Confrontée à des taux d’exposition des prêts non performants (ENP) supérieurs à la moyenne bancaire et à des charges de structure relativement importantes par rapport à sa faible part de marché, la BCpme a accumulé les pertes et se trouve aujourd’hui dans une situation critique. Si elle devait être recapitalisée, son modèle d’affaires devrait être transformé pour se recentrer sur son objet social (le soutien aux MPME) tout en abandonnant les foyers de pertes principaux, c’est-à-dire les crédits directs aux Mpme dont le taux d’ENP sur l’ensemble des banques oscille entre 25% et 30% pour selon les données de la Banque des Etats de l’Afrique centrale (Beac), source d’aléa moral pour une banque publique, et une structure couteuse de banque généraliste.

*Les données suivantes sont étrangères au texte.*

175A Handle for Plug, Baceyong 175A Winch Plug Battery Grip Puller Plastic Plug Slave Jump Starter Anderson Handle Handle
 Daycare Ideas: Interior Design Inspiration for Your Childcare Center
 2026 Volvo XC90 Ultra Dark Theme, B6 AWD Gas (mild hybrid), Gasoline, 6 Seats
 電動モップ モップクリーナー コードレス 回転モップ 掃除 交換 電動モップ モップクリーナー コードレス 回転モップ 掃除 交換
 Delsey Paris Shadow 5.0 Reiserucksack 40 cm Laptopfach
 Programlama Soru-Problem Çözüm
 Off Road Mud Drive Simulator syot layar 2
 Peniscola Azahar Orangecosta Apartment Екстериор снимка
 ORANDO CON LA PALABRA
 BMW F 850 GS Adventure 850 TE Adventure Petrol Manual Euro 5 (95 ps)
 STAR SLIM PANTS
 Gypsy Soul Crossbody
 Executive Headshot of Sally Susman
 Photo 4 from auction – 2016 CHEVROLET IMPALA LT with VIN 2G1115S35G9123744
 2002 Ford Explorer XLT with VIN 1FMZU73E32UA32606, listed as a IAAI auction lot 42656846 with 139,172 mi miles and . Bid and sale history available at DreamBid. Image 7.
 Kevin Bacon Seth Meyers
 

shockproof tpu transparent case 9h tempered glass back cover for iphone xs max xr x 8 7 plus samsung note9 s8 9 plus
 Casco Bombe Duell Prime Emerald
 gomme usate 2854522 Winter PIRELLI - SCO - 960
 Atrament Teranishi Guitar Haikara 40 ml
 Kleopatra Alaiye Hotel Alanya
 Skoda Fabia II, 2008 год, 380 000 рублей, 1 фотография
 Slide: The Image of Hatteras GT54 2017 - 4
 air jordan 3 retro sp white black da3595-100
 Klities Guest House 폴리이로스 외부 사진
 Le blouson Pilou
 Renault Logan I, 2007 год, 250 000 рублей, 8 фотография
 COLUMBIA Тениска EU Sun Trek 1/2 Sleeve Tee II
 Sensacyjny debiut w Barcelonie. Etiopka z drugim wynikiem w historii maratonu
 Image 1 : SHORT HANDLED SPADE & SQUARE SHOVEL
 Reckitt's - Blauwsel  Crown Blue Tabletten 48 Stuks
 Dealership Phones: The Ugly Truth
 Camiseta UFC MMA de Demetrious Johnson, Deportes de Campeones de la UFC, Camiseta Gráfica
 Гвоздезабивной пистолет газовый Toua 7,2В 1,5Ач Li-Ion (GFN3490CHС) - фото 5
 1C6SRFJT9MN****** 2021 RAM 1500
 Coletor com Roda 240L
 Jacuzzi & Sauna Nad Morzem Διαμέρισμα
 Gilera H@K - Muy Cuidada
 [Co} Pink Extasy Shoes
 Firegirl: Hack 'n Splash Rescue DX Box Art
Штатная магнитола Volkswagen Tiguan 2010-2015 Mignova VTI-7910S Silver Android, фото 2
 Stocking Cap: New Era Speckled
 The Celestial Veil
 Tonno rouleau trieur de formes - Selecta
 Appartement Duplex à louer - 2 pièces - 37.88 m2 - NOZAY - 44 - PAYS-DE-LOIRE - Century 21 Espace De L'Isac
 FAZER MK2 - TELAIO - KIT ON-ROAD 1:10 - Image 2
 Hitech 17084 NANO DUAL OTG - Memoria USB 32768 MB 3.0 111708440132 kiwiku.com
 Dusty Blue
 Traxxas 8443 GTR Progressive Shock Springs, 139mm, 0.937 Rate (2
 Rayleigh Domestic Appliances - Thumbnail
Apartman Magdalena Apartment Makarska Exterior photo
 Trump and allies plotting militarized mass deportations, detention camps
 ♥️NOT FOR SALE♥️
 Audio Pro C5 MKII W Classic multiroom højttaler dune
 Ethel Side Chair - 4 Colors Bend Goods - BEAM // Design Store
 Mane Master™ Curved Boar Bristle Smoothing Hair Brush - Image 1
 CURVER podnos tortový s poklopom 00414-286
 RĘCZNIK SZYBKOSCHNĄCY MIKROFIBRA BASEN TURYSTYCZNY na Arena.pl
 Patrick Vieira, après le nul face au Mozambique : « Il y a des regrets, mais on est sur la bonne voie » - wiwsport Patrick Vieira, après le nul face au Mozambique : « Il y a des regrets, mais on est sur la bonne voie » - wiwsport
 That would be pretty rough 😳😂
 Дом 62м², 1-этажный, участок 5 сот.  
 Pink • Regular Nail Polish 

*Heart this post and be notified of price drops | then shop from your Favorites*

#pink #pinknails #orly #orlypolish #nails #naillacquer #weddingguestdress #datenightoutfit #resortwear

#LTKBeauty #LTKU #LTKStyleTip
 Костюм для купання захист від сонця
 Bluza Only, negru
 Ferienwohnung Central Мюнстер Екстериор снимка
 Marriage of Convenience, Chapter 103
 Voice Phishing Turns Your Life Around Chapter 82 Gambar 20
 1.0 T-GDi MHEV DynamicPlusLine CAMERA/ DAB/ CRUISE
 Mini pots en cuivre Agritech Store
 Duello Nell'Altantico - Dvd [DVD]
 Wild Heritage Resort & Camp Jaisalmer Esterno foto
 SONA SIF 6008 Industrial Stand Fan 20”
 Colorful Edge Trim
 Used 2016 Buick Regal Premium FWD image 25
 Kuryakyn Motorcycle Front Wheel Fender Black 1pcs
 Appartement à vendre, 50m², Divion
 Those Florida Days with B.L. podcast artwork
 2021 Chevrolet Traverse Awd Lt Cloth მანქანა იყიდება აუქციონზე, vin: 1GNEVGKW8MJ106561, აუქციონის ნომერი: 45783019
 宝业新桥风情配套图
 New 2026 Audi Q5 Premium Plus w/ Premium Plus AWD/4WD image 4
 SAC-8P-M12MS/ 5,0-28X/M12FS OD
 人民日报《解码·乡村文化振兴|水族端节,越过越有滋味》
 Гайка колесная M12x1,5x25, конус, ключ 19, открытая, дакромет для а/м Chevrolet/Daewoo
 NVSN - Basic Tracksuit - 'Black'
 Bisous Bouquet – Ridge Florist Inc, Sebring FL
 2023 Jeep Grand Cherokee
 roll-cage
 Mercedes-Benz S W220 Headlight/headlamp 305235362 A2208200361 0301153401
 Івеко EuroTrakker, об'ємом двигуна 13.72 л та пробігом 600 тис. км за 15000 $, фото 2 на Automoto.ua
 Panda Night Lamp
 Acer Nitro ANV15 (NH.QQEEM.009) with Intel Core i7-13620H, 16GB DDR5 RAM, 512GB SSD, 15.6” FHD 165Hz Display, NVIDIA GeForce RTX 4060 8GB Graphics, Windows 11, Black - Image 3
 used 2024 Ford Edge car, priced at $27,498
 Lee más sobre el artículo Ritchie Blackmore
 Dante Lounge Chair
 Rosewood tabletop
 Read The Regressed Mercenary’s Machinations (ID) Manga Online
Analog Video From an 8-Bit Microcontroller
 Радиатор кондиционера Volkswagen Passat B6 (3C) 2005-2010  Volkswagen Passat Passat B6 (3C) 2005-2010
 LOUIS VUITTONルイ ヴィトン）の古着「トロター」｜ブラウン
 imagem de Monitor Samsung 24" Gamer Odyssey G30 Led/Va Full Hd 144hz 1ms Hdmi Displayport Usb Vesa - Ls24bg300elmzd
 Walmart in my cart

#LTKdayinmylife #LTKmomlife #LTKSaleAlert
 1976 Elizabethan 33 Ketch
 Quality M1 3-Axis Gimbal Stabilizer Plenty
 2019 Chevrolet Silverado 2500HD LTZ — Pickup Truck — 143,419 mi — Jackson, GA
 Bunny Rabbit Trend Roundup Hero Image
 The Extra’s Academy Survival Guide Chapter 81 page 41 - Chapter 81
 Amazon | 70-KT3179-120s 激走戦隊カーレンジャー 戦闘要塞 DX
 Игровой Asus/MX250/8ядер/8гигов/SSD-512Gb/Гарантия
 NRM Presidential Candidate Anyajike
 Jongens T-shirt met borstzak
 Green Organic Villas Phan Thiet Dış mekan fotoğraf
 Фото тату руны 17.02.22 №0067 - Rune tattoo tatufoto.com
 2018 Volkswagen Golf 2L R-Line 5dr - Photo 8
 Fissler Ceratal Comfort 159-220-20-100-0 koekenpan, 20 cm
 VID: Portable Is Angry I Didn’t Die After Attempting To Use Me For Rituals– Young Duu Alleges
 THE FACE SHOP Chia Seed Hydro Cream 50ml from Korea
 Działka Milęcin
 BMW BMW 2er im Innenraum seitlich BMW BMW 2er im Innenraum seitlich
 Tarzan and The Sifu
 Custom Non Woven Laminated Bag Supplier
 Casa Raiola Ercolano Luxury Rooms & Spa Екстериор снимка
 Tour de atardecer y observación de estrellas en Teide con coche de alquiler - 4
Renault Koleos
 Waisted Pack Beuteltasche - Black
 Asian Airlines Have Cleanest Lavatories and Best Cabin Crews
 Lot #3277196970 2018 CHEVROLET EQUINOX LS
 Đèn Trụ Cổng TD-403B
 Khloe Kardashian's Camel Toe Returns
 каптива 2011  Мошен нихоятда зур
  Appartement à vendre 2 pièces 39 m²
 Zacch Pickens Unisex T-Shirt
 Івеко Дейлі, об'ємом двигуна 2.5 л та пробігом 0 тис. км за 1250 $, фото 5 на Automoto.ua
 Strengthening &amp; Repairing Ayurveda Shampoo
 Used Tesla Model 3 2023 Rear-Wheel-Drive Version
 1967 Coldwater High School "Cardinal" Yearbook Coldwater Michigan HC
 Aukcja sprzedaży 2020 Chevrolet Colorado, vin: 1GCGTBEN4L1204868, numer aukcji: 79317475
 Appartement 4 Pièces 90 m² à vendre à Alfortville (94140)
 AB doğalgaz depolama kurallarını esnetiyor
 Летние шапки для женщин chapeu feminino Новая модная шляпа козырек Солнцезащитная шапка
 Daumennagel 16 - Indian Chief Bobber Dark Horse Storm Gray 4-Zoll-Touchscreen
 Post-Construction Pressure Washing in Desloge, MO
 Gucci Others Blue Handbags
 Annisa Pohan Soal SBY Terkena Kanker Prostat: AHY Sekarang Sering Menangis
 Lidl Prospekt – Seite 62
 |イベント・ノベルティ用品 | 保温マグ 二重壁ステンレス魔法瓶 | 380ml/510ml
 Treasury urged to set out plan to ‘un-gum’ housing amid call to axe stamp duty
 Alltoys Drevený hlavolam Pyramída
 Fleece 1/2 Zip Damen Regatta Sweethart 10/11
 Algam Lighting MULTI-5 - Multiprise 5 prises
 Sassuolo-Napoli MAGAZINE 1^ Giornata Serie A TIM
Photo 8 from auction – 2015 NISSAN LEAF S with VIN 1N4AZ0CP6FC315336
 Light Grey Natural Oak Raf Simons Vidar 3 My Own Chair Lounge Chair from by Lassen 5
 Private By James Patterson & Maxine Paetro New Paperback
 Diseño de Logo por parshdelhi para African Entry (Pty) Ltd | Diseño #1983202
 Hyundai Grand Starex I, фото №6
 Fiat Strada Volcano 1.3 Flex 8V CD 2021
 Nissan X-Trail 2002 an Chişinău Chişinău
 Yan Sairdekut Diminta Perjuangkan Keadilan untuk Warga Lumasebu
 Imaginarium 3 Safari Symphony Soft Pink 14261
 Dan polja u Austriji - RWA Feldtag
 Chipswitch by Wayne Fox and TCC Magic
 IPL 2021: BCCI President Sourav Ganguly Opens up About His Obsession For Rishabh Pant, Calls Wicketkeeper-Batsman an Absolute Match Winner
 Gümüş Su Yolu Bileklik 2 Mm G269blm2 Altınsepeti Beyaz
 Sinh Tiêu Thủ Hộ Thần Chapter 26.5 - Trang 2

Plusieurs experts lui ont recommandé l’audit pour en déterminer sa situation réelle. Cette situation déterminée par un certain nombre de ratios lui permettrait d’apprécier le niveau de recapitalisation et les mesures de traitement des créances compromises d’après un ex haut cadre de la Banque mondiale contacté par LFA. D’autres économistes plaident pour un changement radical de son modèle économique. Comme argument, ils pensent que le modèle d’une banque destinée uniquement aux PME n’est pas rentable. Par conséquent, il serait judicieux d’élargir le modèle de financement de la banque à toutes les entreprises en y ajoutant des guichets de financement PME, ou alors, envisager sa transformation en fonds d’investissement PME. Ce qui lui permettra d’avoir un modèle de fonctionnement agile, allégé et moins onéreux.